Dessa maneira, destronar Aécio de seu mandato parece ser paliativo punitivo à opinião pública. Apenas uma inconsequência não estivesse em jogo um membro de outro Poder.
A democracia assenta-se no equilíbrio e na independência de seus Poderes. Quando um se sobrepõe ao outro, assumindo função alheia, rompe-se um e outro.
Artigo do Blog da Política Brasileira alertou para o perigo da República dos Magistrados. A advertência encontra outras vozes a ecoar a ameaça.
Caso do sociólogo Luiz Werneck Vianna. Para ele, “a atual invasão do Poder Judiciário sobre as dimensões da política” aponta para a iminência “de um governo de juízes, a pior das tiranias, visto que dela não há a quem recorrer”.
O filósofo Roberto Romano faz coro. “Se o STF for considerado ‘moderador’ acima dos outros Poderes (…) Em vez de um monarca, teremos 11 mandarins onipotentes”, postulou. “Surpreendente”, espantou-se Carlos Velloso, ex-STF.
Trilha temerária
Quarta próxima assistiremos, assim, se o poder de legislar cabe a quem tem voto – e, portanto, pode ser removido pelos eleitores – ou a quem alçou vôo à Corte Máxima por lobby, parentesco ou outro predicado – e, lá entronizado, não mais será removido. O Judiciário já tem a prerrogativa definitiva de subtrair a liberdade dos brasileiros. Não precisa acumular com a de legislar.
Se o STF autoproclamar-se Poder acima dos demais Poderes caberá ao Senado reagir para reaver um naco da legitimidade que deixou esfarelar-se ao longo da trajetória recente quando amesquinhou-se na autoproteção de meliantes. Ou baixar a cabeça, deixando o País à mercê de juízes voluntariosos.
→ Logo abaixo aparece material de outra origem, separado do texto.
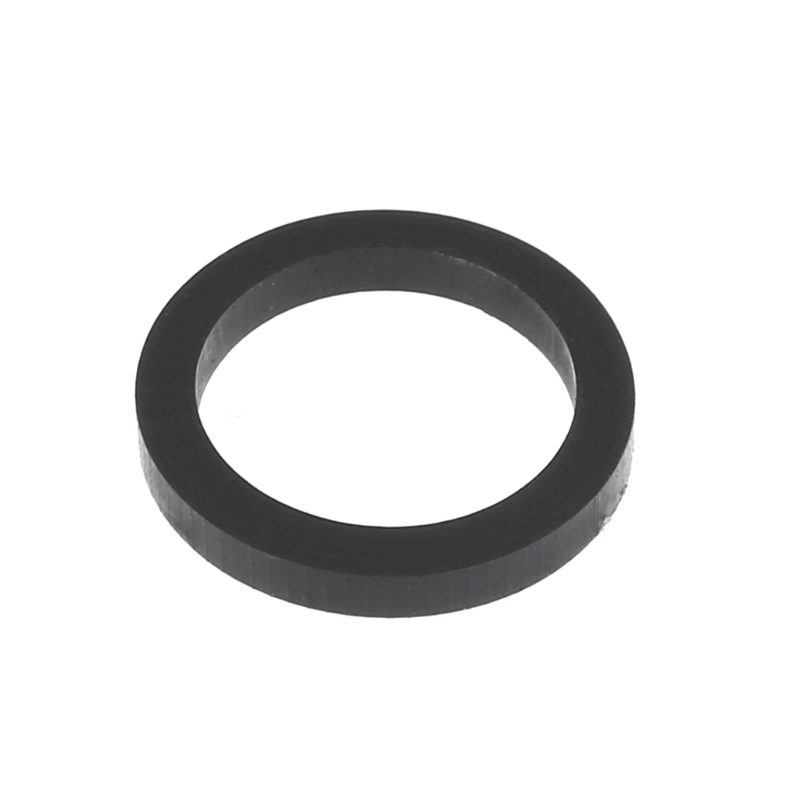 20PCS Mixed Idle Wheel Belt Lo – обзор и цена Stream Deck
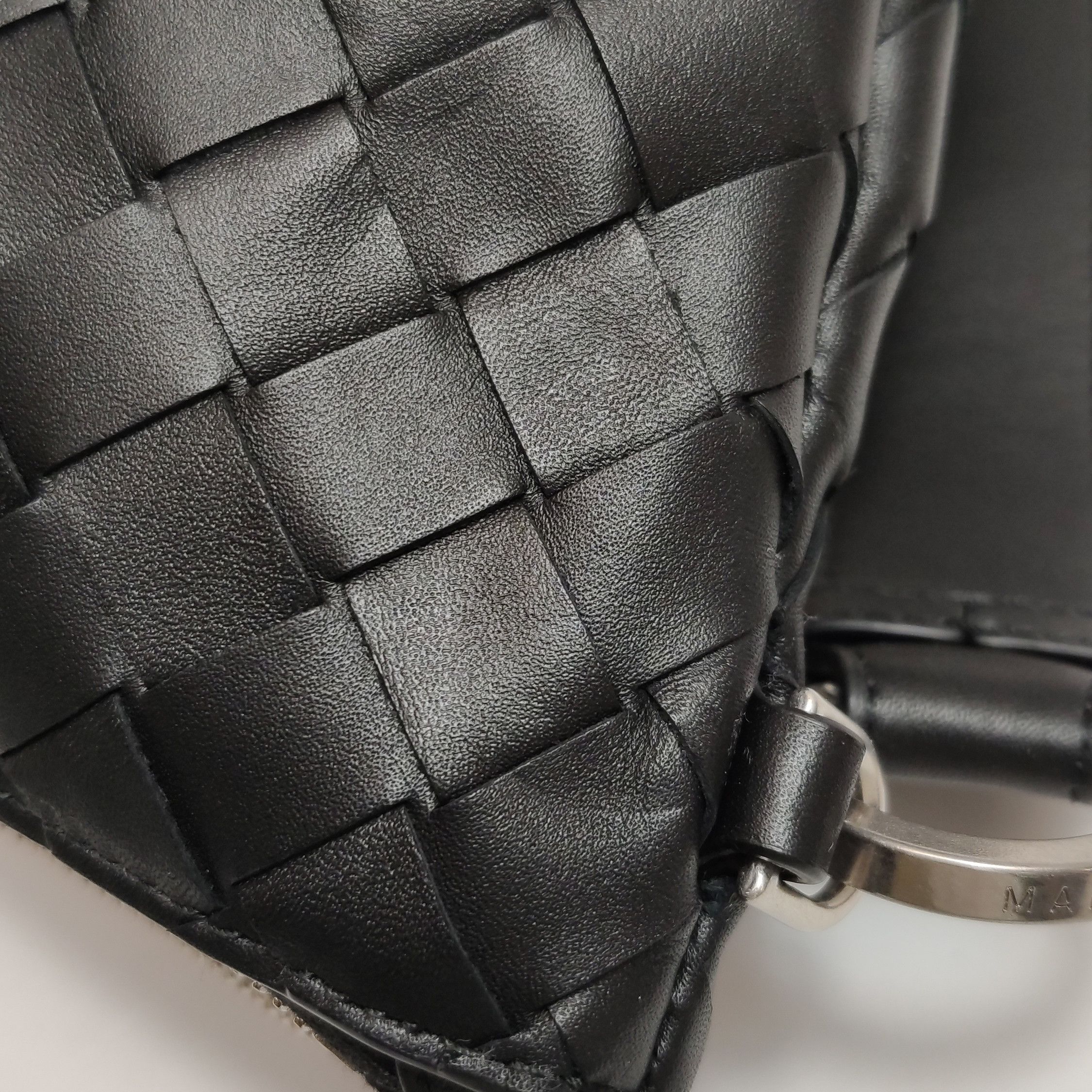 Bottega Veneta Bottega Veneta Women os Clutches Size ONE SIZE - 13 Thumbnail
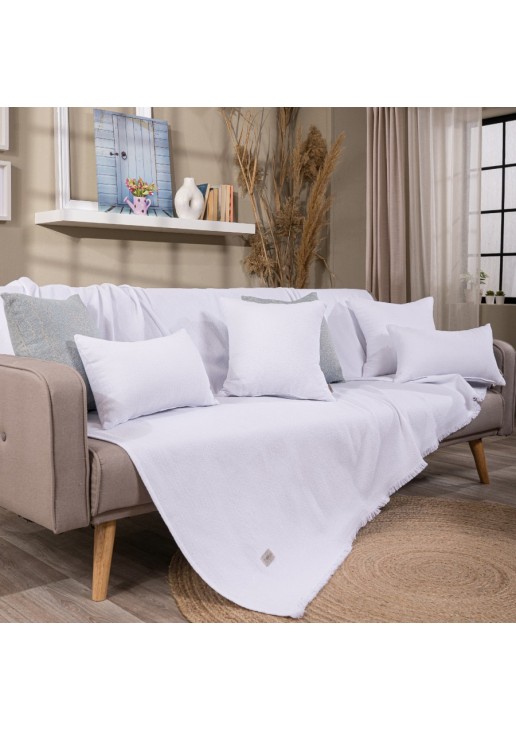 Ριχτάρι Belluno 00 - Διθέσιο 180x250cm TEORAN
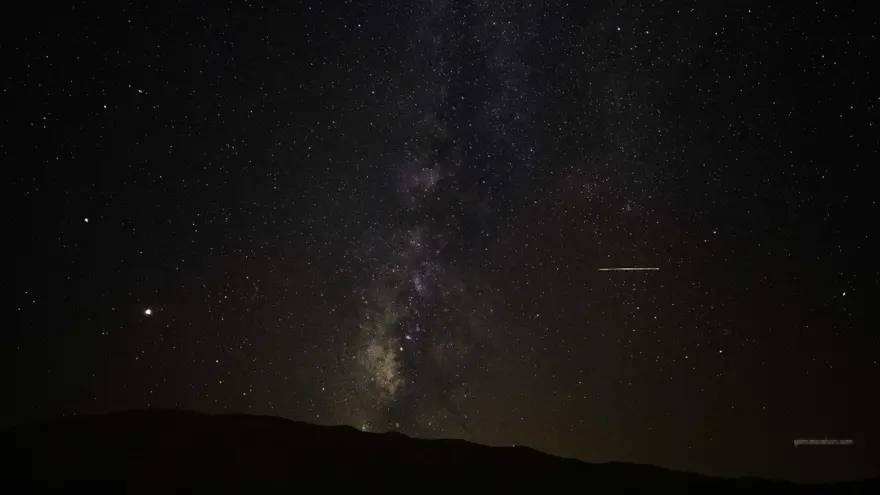 ATEŞ TOPU GİBİ GÖRÜLECEK 4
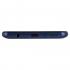 Samsung Galaxy A21s 32GB Blue (SM-A217F/DSN) Смартфон инструкция, поддержка, форум, описание, мануал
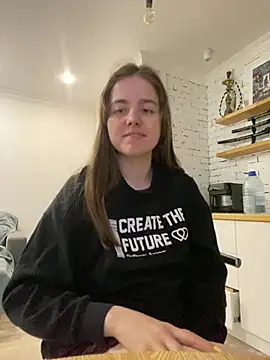 Lady_woman Chat XXX in diretta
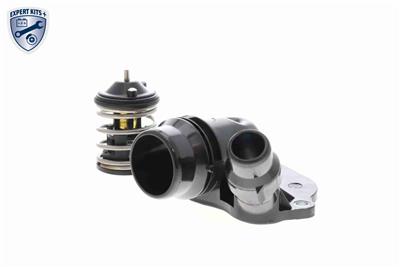 VEMO V20-99-0177 EAN: 4062375000753.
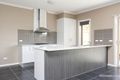 Property photo of 2/38 Widford Street Glenroy VIC 3046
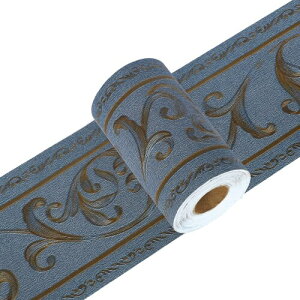 Yoillione g{[_[ }XLOe[v ǎV[ CeAV[ u[ ͂    CNV[g Lb`V[ k h EH[XebJ[  3d 傫 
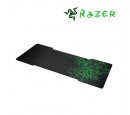 PAD MOUSE RAZER GOLIATHUS CONTROL EXTENDED (RZ02-00211600-R3M1-R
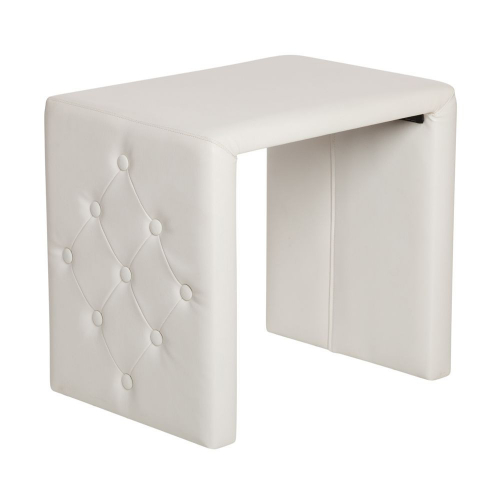 Комплект педикюрный "Соната"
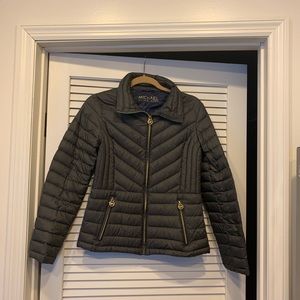 Michael Kors Jacket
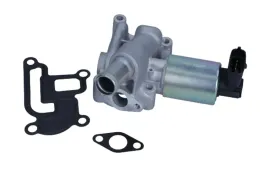 zawor-egr-ev017-mma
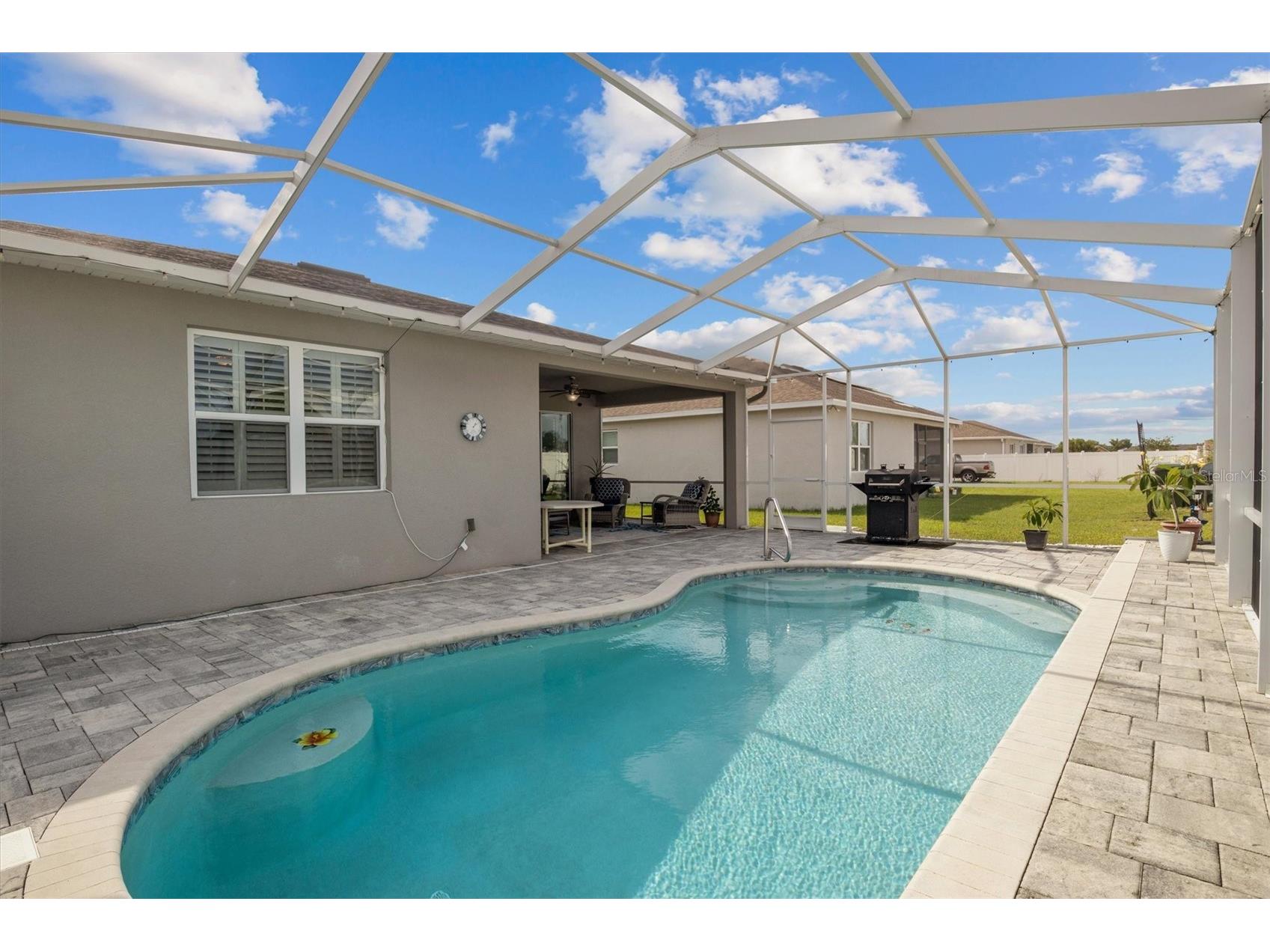 125 Crestview Lane Dundee FL 33838 P4938823 image32
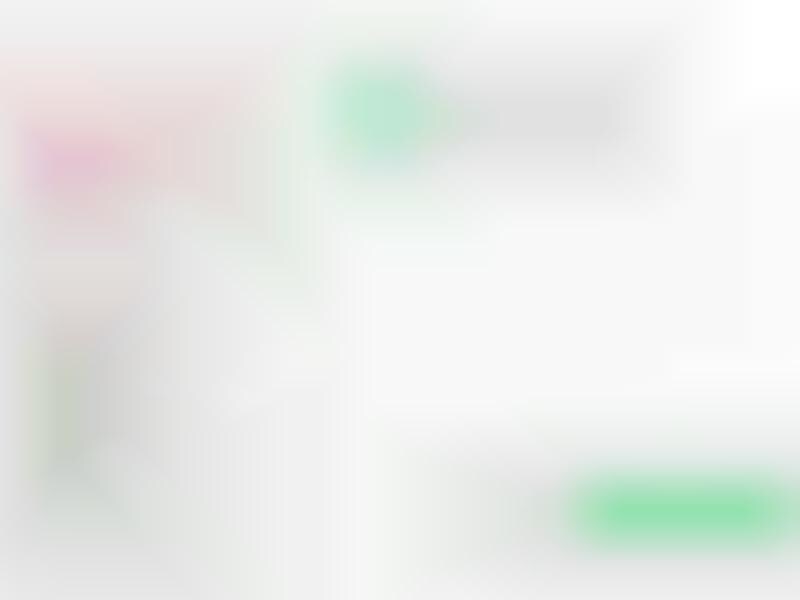 Anti-Noise Group Chat Apps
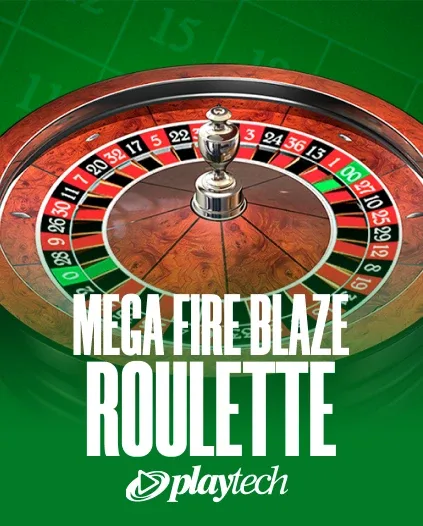 Dudespin Casino Live Dealer
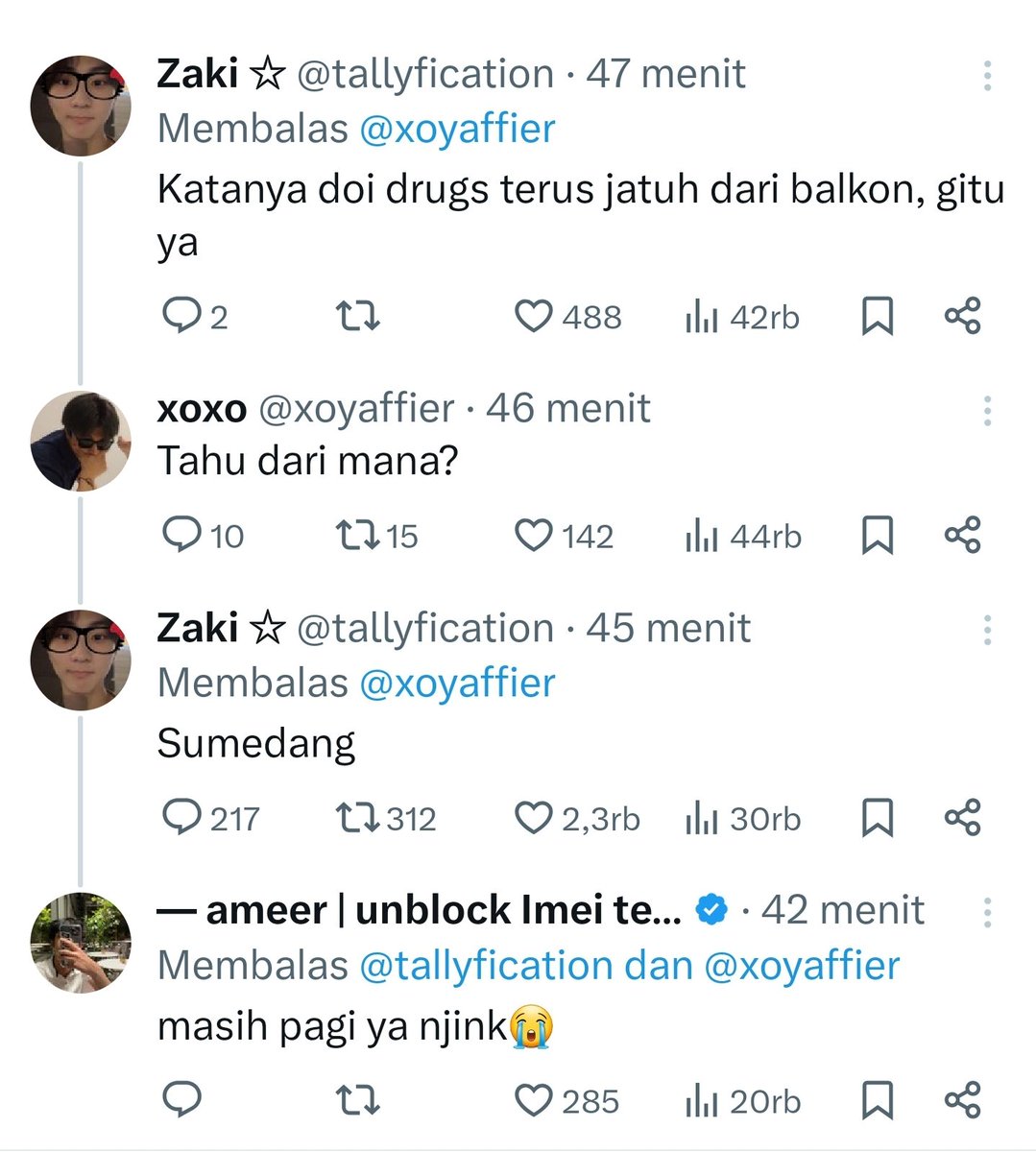 dian_arifiya tweet picture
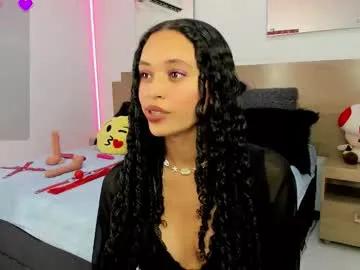 danix_coruscans — SHOW PUSSY #longhair #smoke #braces #hairypussy #bigpussylips [80 tokens remaining]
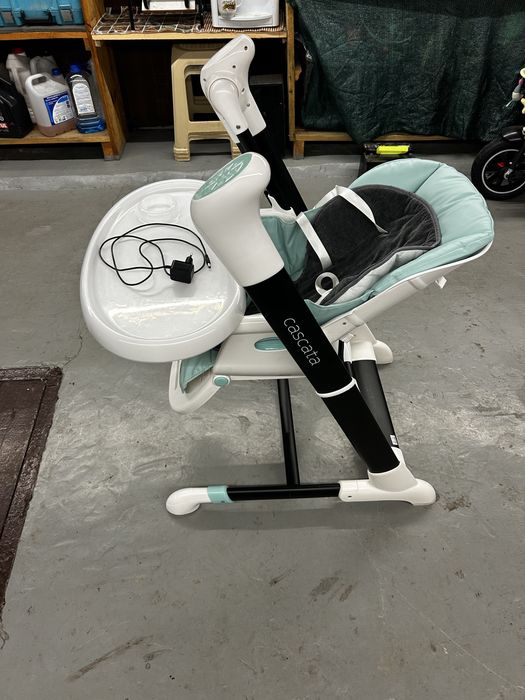 Столик для кормления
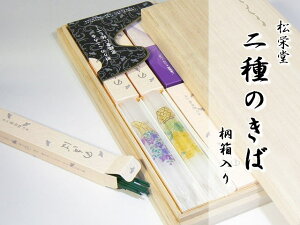 h 2̂ ˔  Mtg p i @v i  䋟 O O 䕧O O { u r r
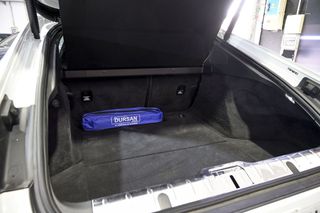 Porsche Panamera   4S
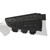 Blackhawk AMMO Cheekpad RFL IVS Black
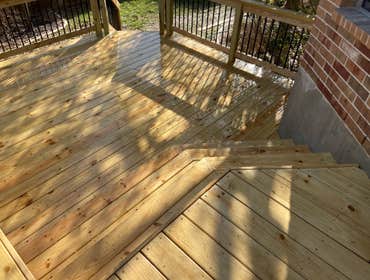 Photos by Texas Remodeling Pros #1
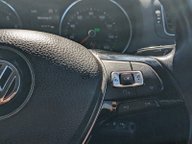 Volkswagen Polo SEL TSI DSG 23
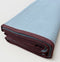 Tapis en polypropylène recyclé pour tente Bell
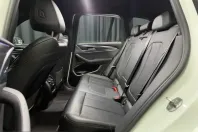 BMW X3 (Seria X) din 2022 cu 90.000 km - oferta BMW220364 - foto 23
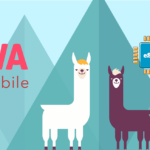 Bolivia 5 GB - 30 days
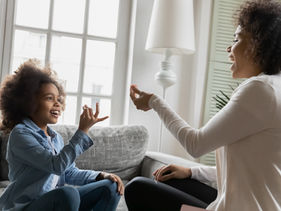 Unlocking Effective Communication: The Power of Declarative Language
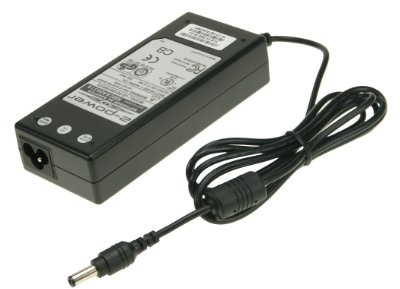 Original Research Machines nBook AC Adapter (19v, 75W, 3.95A, Replaces Original Part Number 0335C2065)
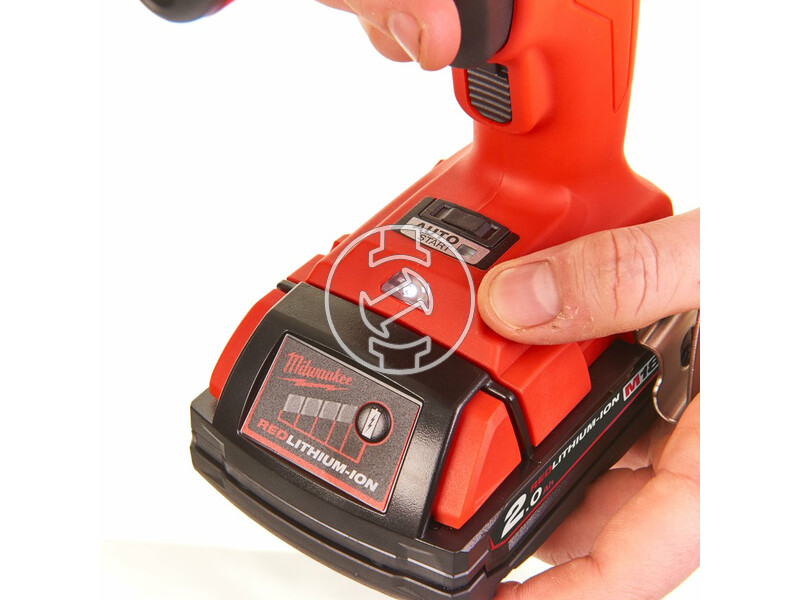 milwaukee_m18_fsgc_202x_akkus_szenkefe_nelkuli_gipszkarton_csavarozo_csavarozotarral_2_x_20_ah_li_ion_akkuval_2.jpg 4933459199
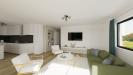 Construction d'une maison Bourg-Achard (27310) 370 000 €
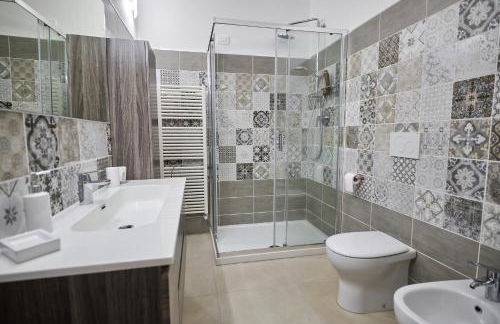 Ca' de Paggia - Foto 38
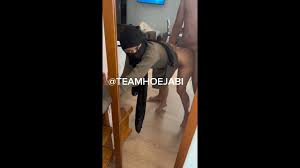 Teamhoejabi unrestricted content - it marks her second time with Isabella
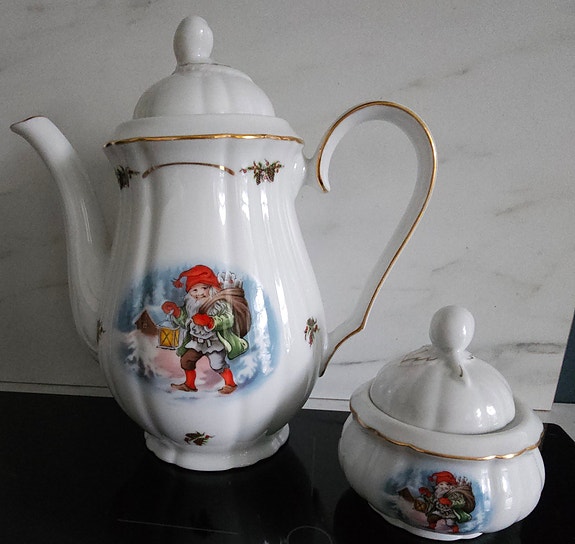 Product image 6 of 10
Nunca é demais lembrar que magistrados têm cargo vitalício e não prestam contas praticamente a ninguém. Tampouco precisam renovar seus mandatos junto à cidadania. Assim, defender que um juiz sem voto possa arbitrar, fora da Constituição, o afastamento de um parlamentar é enveredar pela trilha temerária da República de Justiceiros.